Segment Start: Exercise data

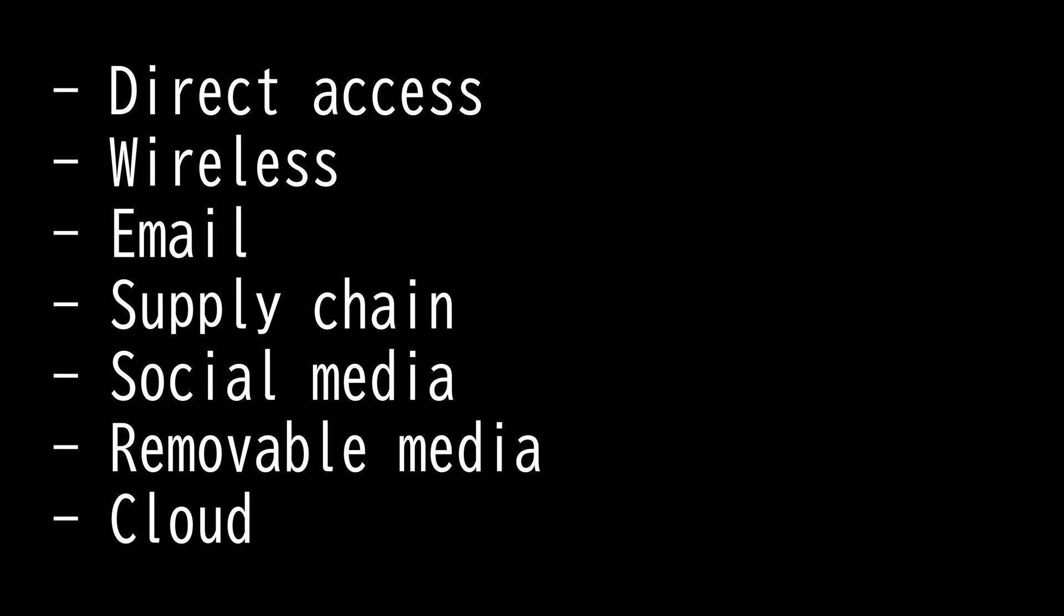Next we have removable media. In high-security organizations like the Department of Defense, they have eliminated the use of most removable media on certain systems, including any removable storage devices that rely on USB or other connection methods.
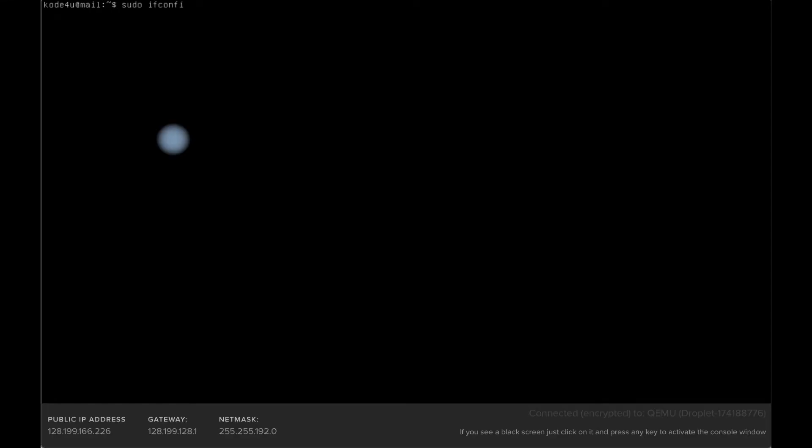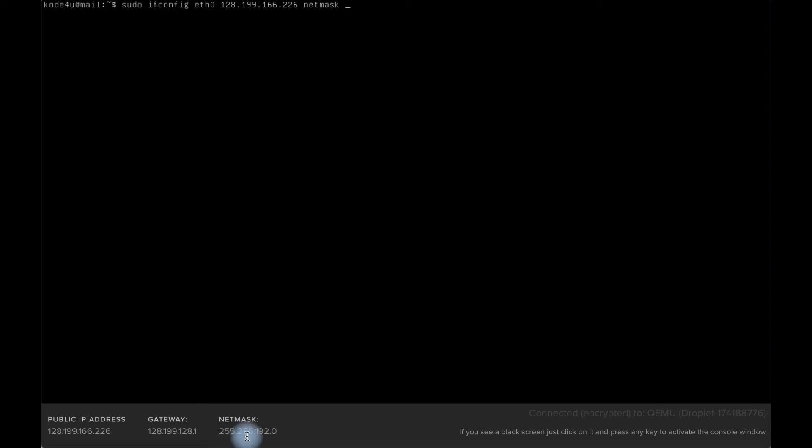Okay, in this video I'm going to show you how to fix the problem when you restore or restart your droplet in DigitalOcean. To fix this problem you need to type two commands. The first command is sudo ifconfig eth0 and the public IP of your server.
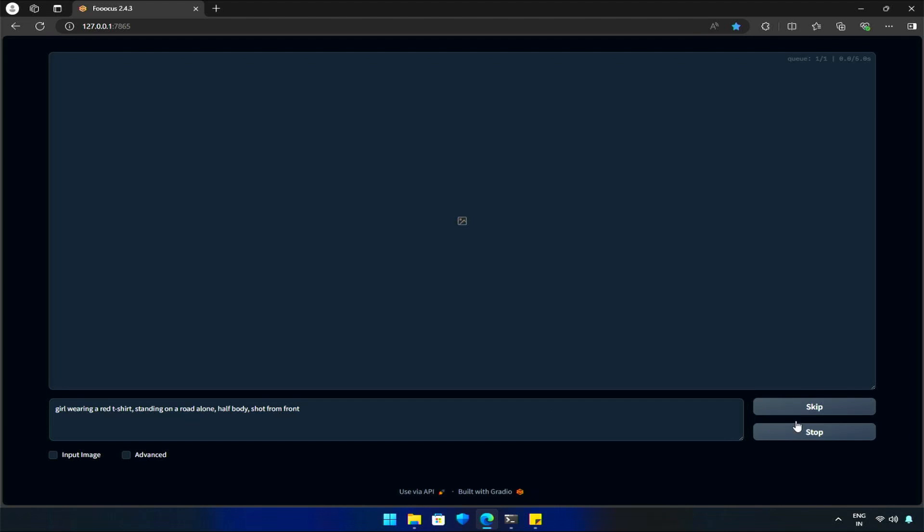So, I will start by loading the Focus Web UI, and my prompt will be a girl wearing a red t-shirt, standing alone on a road, with a half body shot from the front. Then, I will hit Generate.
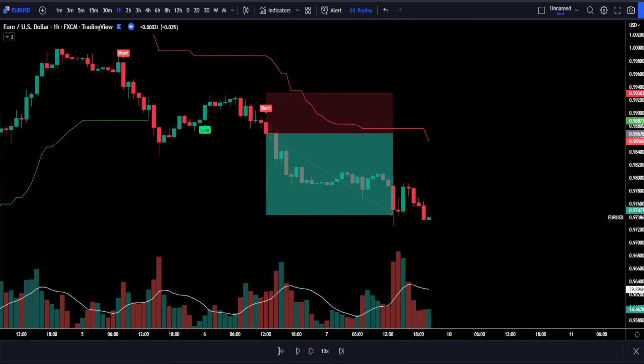Now you may be asking yourself, how does this strategy perform in different market conditions? Well, to answer that question, I'm going to back test it 150 times using a risk to reward ratio of 1 to 2. Our account size will be set at $1,000 and we're going to be risking 2% of that every time we take a trade. Let's get started.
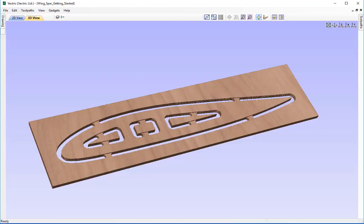In this tutorial we're going to show you a basic example of how to set up your work area ready for importing vectors from another CAD drawing program. We're then going to walk you through the material setup, create a profile toolpath and show you how to utilize the 3D simulation of the toolpath preview to check everything looks ok before we go ahead and save the toolpaths out ready to run on the CNC.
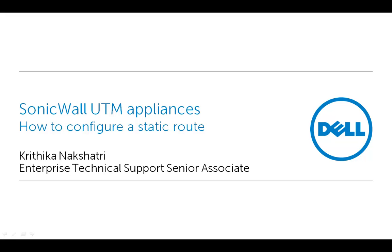Welcome to SonicWall Video Solutions. My name is Kritika Nakshatri. Today we will demonstrate how to configure a static route on a SonicWall UTM appliance.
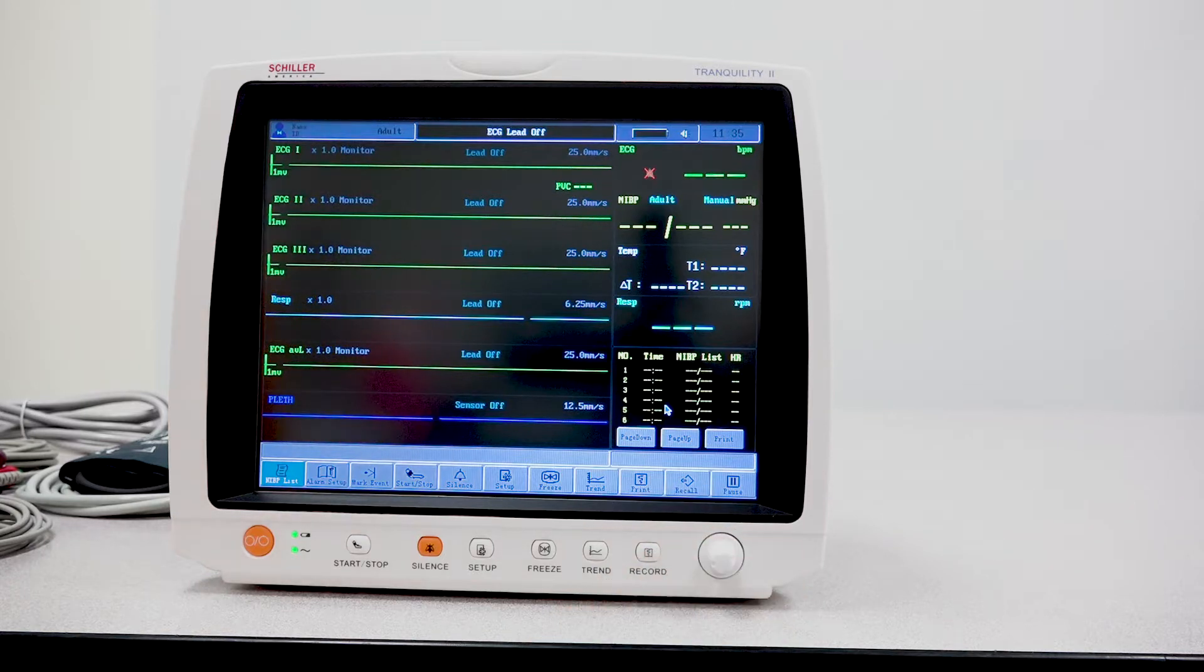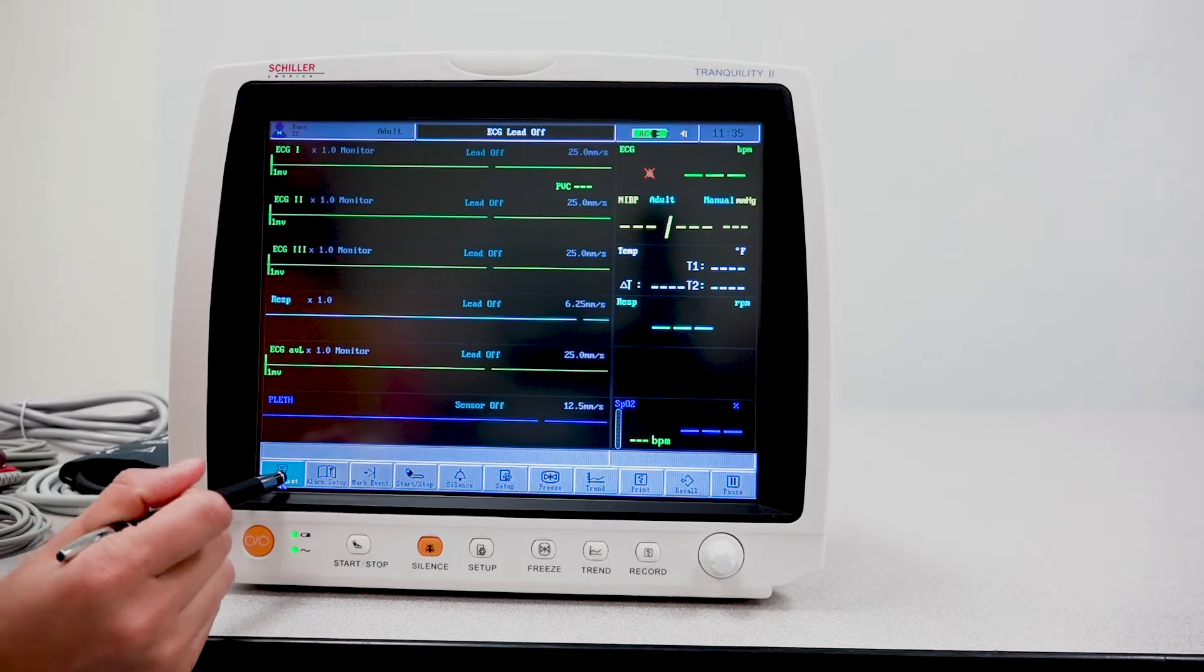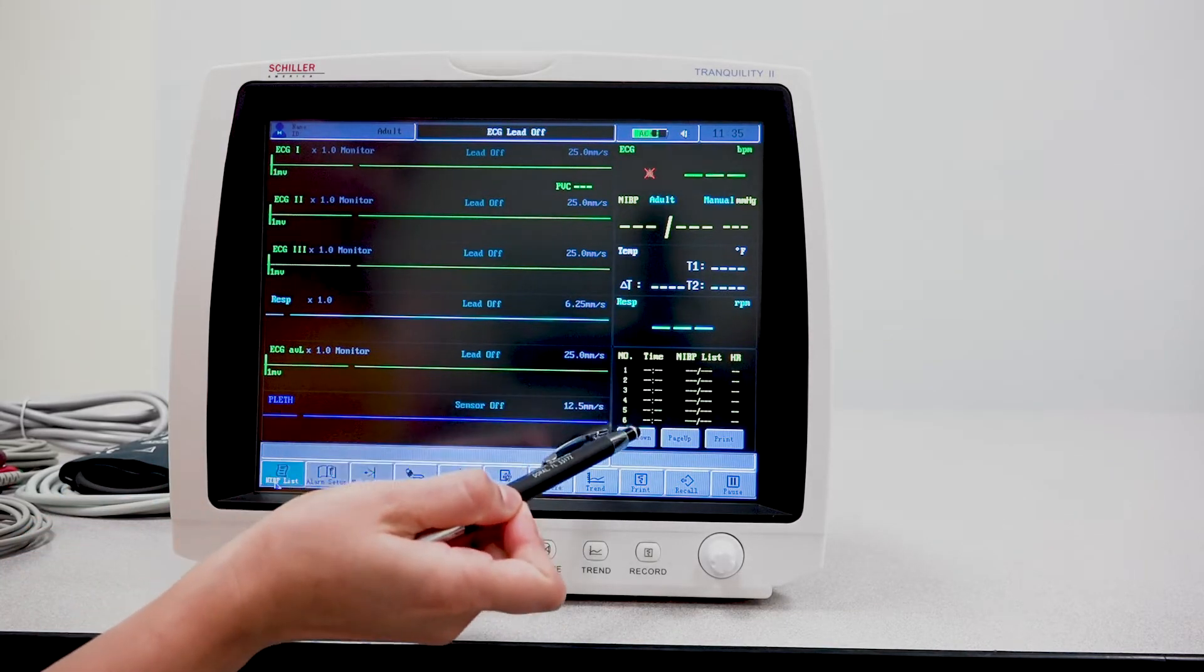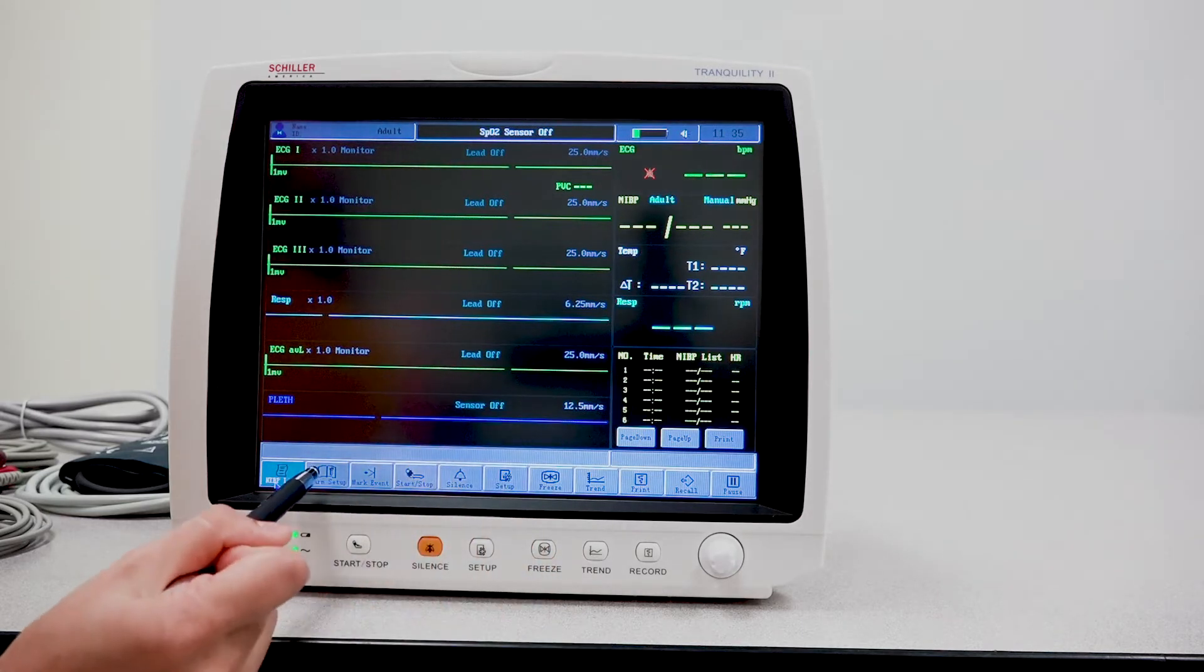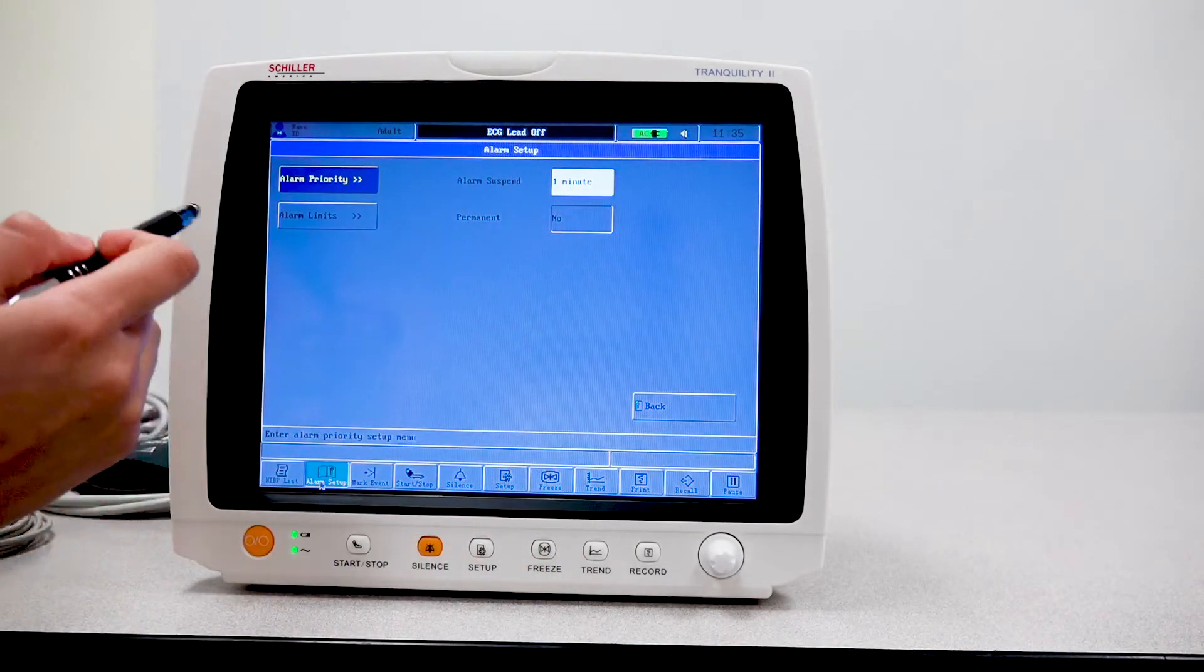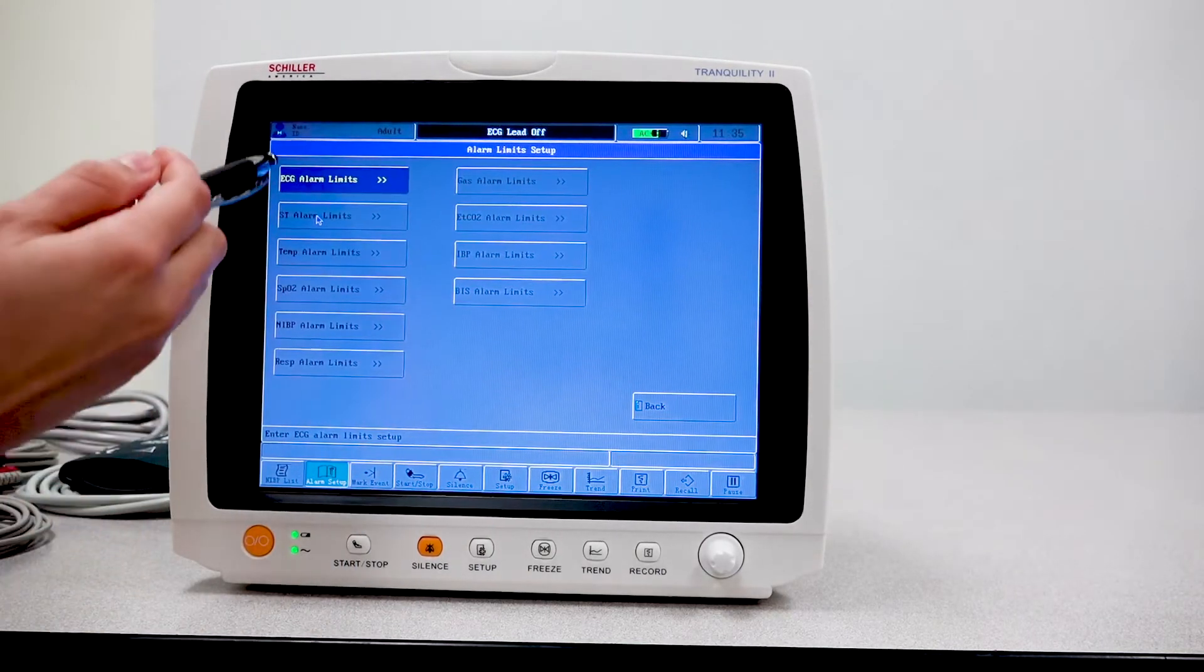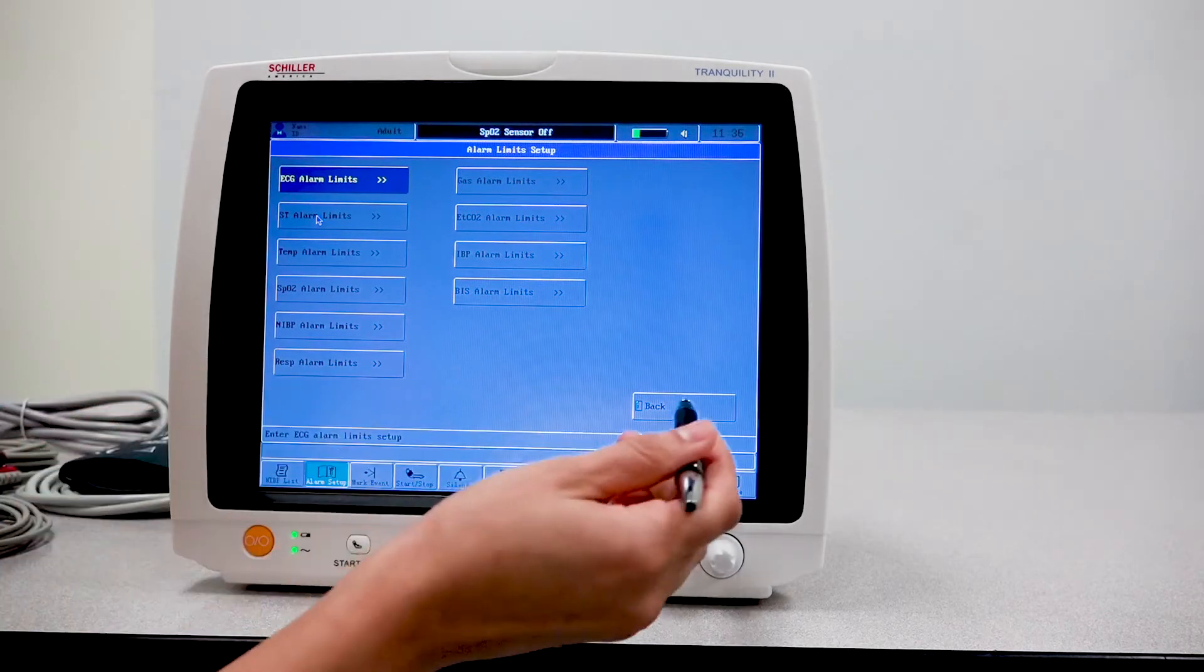The first tab that you have is your NIBP list, which if selected, you will be able to see here the measurements that were taken. Now with the alarm setup tab, here you have the option to set up your alarm limits for the different options.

Segment End: Exercise data

Work order: Exactly the lines from the one containing "In this tutorial" through the last line of the material above, both included and free of pictures, should make up your answer, please.

Answer:
In this tutorial we're going to show you a basic example of how to set up your work area ready for importing vectors from another CAD drawing program. We're then going to walk you through the material setup, create a profile toolpath and show you how to utilize the 3D simulation of the toolpath preview to check everything looks ok before we go ahead and save the toolpaths out ready to run on the CNC.
Welcome to SonicWall Video Solutions. My name is Kritika Nakshatri. Today we will demonstrate how to configure a static route on a SonicWall UTM appliance.
The first tab that you have is your NIBP list, which if selected, you will be able to see here the measurements that were taken. Now with the alarm setup tab, here you have the option to set up your alarm limits for the different options.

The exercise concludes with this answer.